Spiritually, they were gifts of inheritance. Passed down from generation to generation, family quilts are soft memory. They are reminders of Black mothers’ enduring will to believe in a future for their children. Like the sharecropper’s fruit grown on forcibly leased land, quilts are symbols of the persistent and creative longevity of American Blackness. Against unimaginable repression, these alchemists never stopped planting seeds or stitching together scraps into gorgeous gifts for their children. And their children’s children.

“But the money quilt doesn’t keep you warm,” Kincaid reminds us. Cold, and crinkly, dollars as objects are all but useless to the human body. Stitched together, their spectacle is the disbelief of seeing them as a medium. What dissonance! To witness these precious bills we spend so much of our lives striving for cut up, painted, shaped into forms – instead of stacked, intact, to be counted. And they are forms that evoke shame, bunched up like discarded notebook paper, or that mimic humans but stand (or hang) lifeless on display.

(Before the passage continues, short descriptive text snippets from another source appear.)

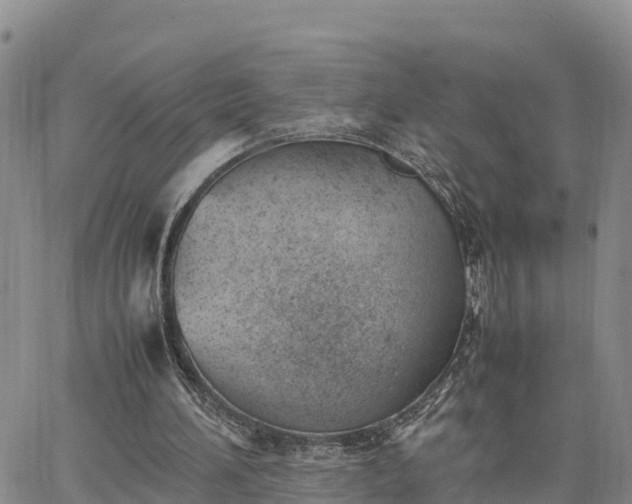 X0000064750196200602171742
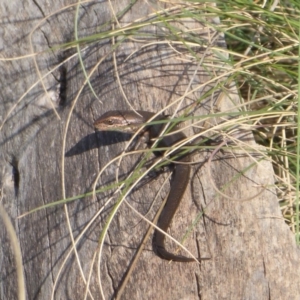 Pseudemoia entrecasteauxii at Cotter River, ACT - 23 Oct 2018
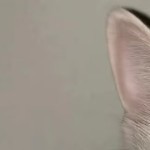 ChengZiKai's avatar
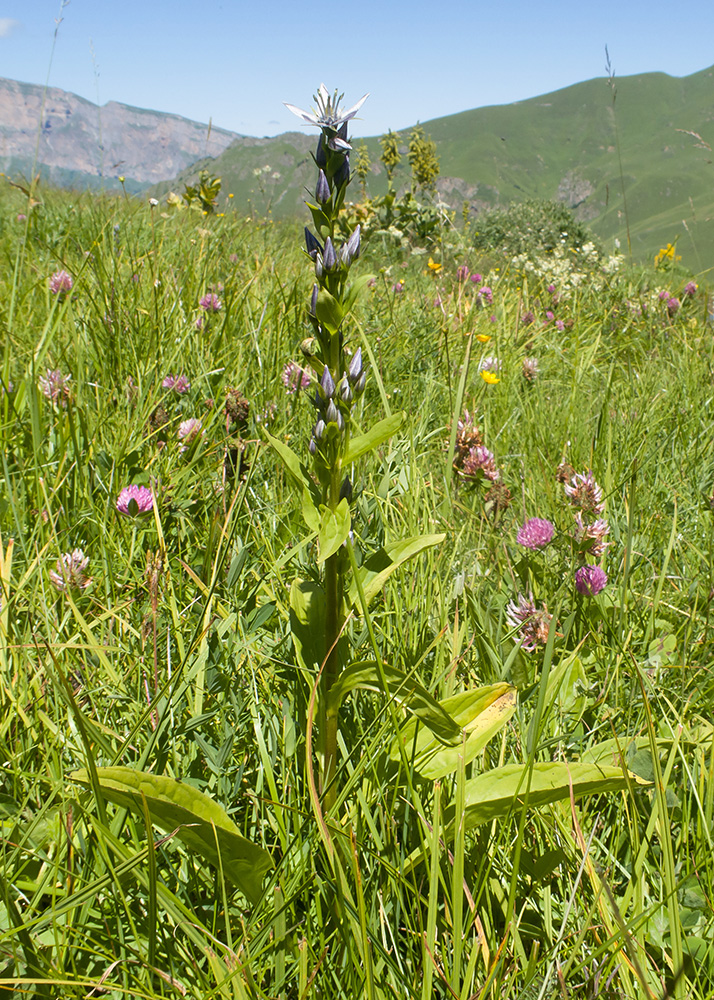 Image of Swertia iberica specimen.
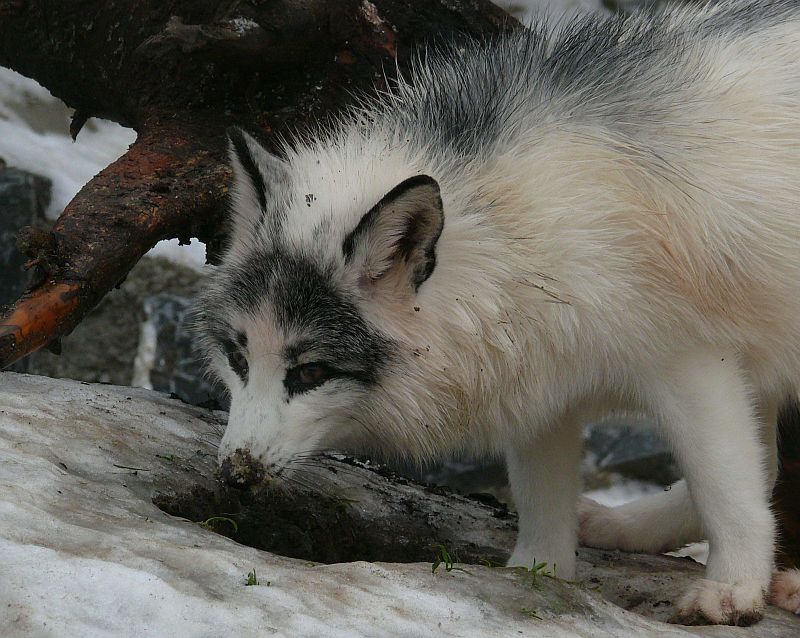 Polarfuchs III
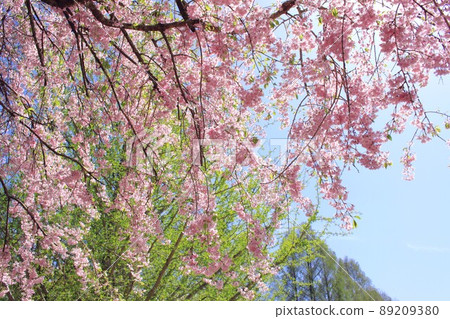 Dead brown cherry tree 89209380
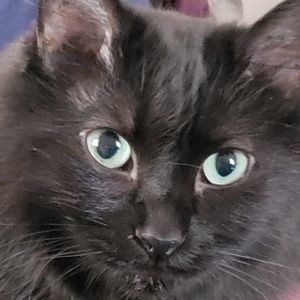 Meet your Posher, Katrina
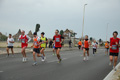 pino_ro__0574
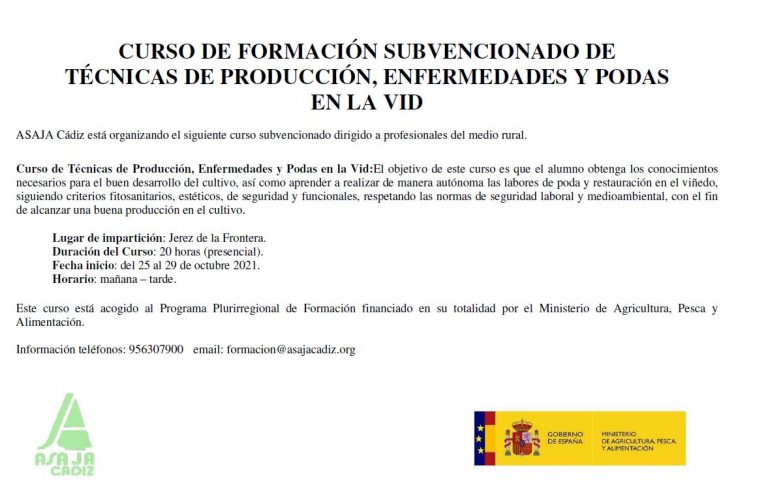 CURSO DE FORMACIÓN SUBVENCIONADO DE  TÉCNICAS DE PRODUCCIÓN, ENFERMEDADES Y PODAS  EN LA VID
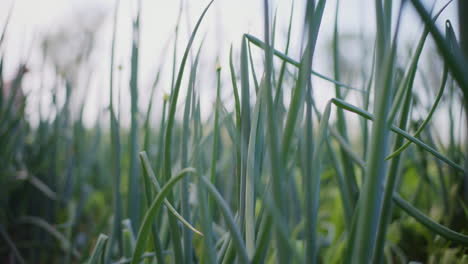 close-up of growing chives onion in a garden.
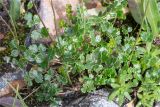 Thalictrum alpinum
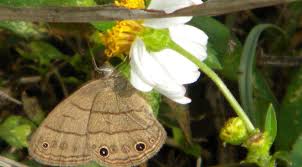 Image result for Satyrium kitimboense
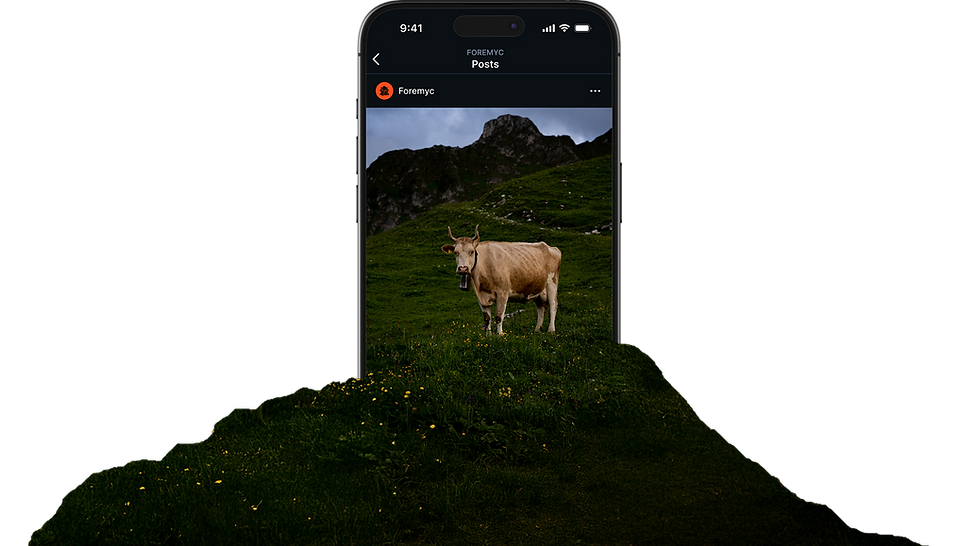 Foremyc instagram banner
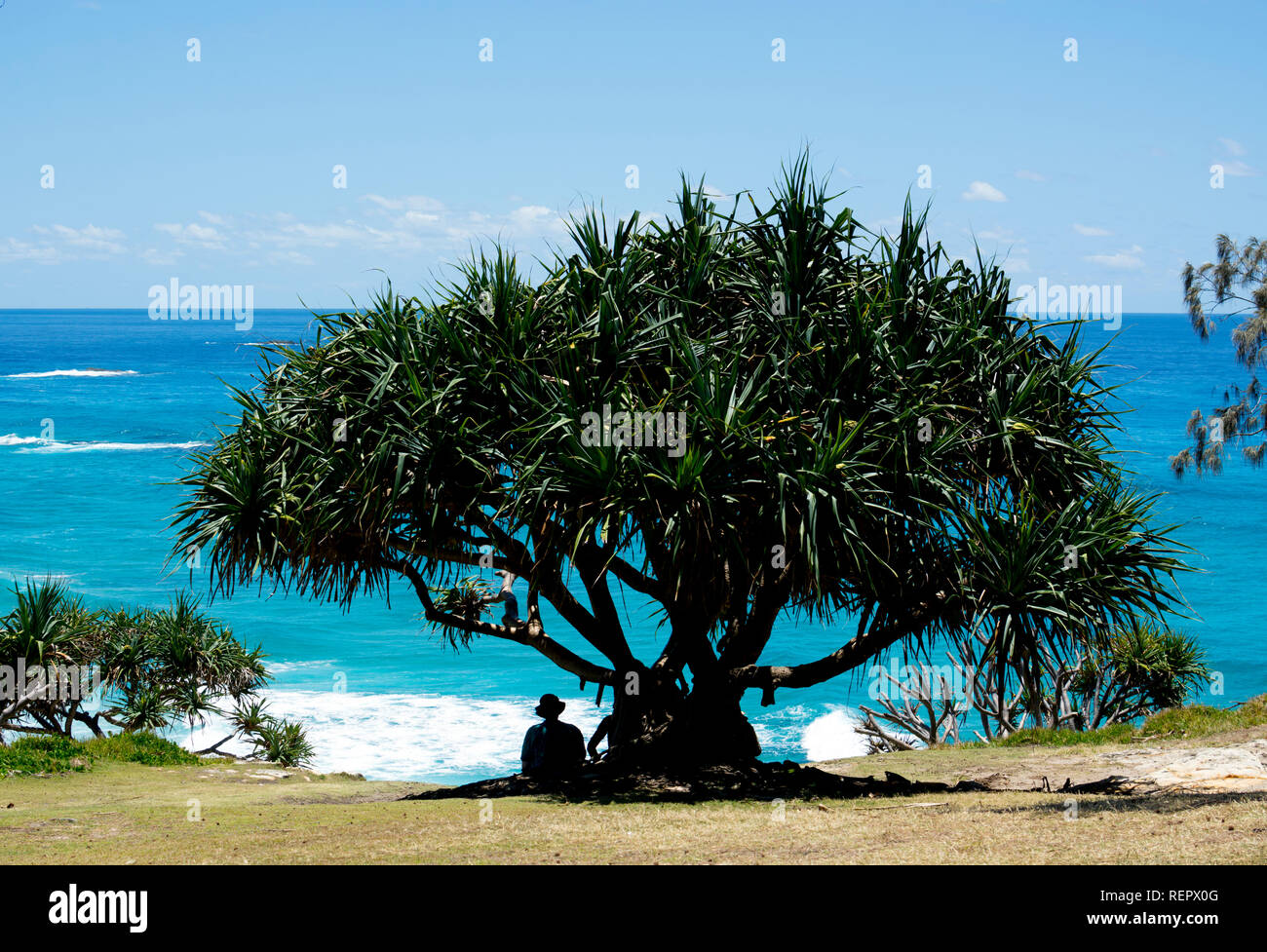 Pandanus Baum und Blick auf Frenchmans Bay, Point Lookout, North Stradbroke Island, Queensland, Australien Stockfoto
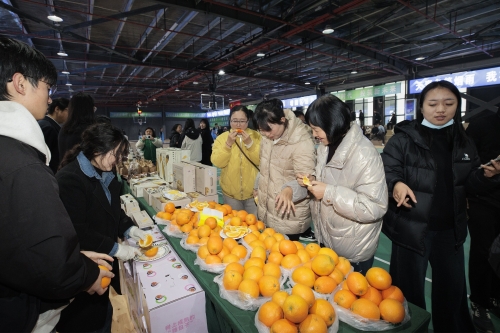 东川汇聚政企力量  “趣玩东川·活力园区”运动会启幕6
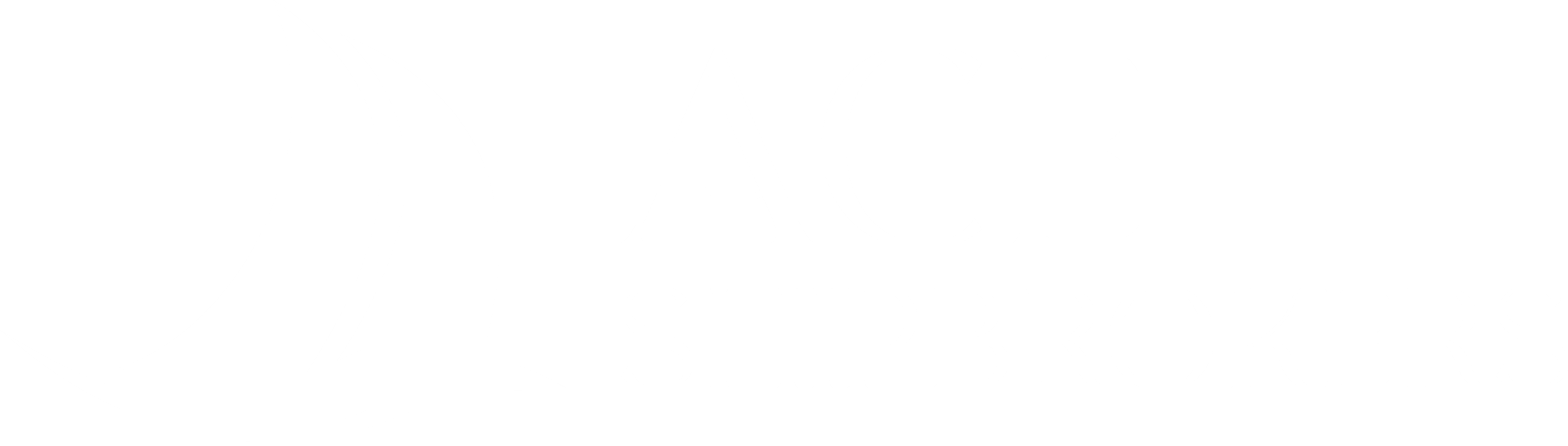 ACE Shipbrokers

Where there are sensual curves in Kincaid’s cloth quilts, there are harsh edges and stark shadows in his money pieces. They are flags of resistance in a different way, spiritual salve born not from the warmth of a grandmother’s love – but the process of unclenching capitalism’s grip on the body.

Kincaid chooses fabrics that reference the vapid striving of the American Dream – like silk renderings of his father’s lotto tickets. They gesture at the dark side of Black American inheritance & hustle, and yet maintain a sense of the warmth of Black family. (Except “Corner of Alaska And Walsh Under Dist. 1 Surveilance,” whose cool monochrome face and woven concrete or cosmos or muscle fiber, or your dad’s favorite sweatpants, are gripped in headlock by Blue Lives Matter blue; it reads like Whiteness sucking the saturation from a technicolor film.) They’re still soft to the touch.

In contrast, the money quilts – especially those with Kincaid’s bloody body prints – are starched mirrors to our own addictions to money, reminders of how physically and spiritually draining chasing it can be. Hung adjacent to the cloth quilts, especially as they’re combined in “Self Portrait: I Am Not My Labor,” the reconstructed dollars call into question how and why we invest so much belief in the dollars themselves.

When the dollars are mixed in patchwork with cloth, like the in “Retired Drug Dealer” and “Fuck You Pay Me,” the money adds a dark motion in the pieces – it’s hard to say if it’s bursting out or slicing into the forms. Or if the forms are digesting the money, churning it as fuel, trying to scrub it clean. Grappling with a necessary evil, hoping its a temporary hustle. “Our ancestors picked the cotton that this money is printed on.” Kincaid engages with one cyclical American evil: this country was built on the backs of Black people, and continues to feed on their vibrance through systems that require they participate in their own destruction.

Treating dollars as his foremothers treated scrap cloth, like raw material to be transformed, with great care, into a precious object of greater material and spiritual worth, Kincaid offers us evidence of a process we’d all do well to engage in: releasing the deeply internalized belief that money itself is precious and that the more of it you have, the more precious you are. And even deeper, healing from the poisonous belief that our ancestors weren’t precious because they were cash poor. It’s these beliefs – especially when they’re held a bout us – that justify all the ways we’re overworked and undervalued, squeezed for every dollar by landowners, by bosses, by police. Strangled to death for attempting to control of our own assets. Manipulated to believe we deserved it.

Kincaid refuses these ideas, and calls on his ancestors and his elders and the bloody debris of his own body as source. With Get it How You Live, he says no. “These cycles end with me.”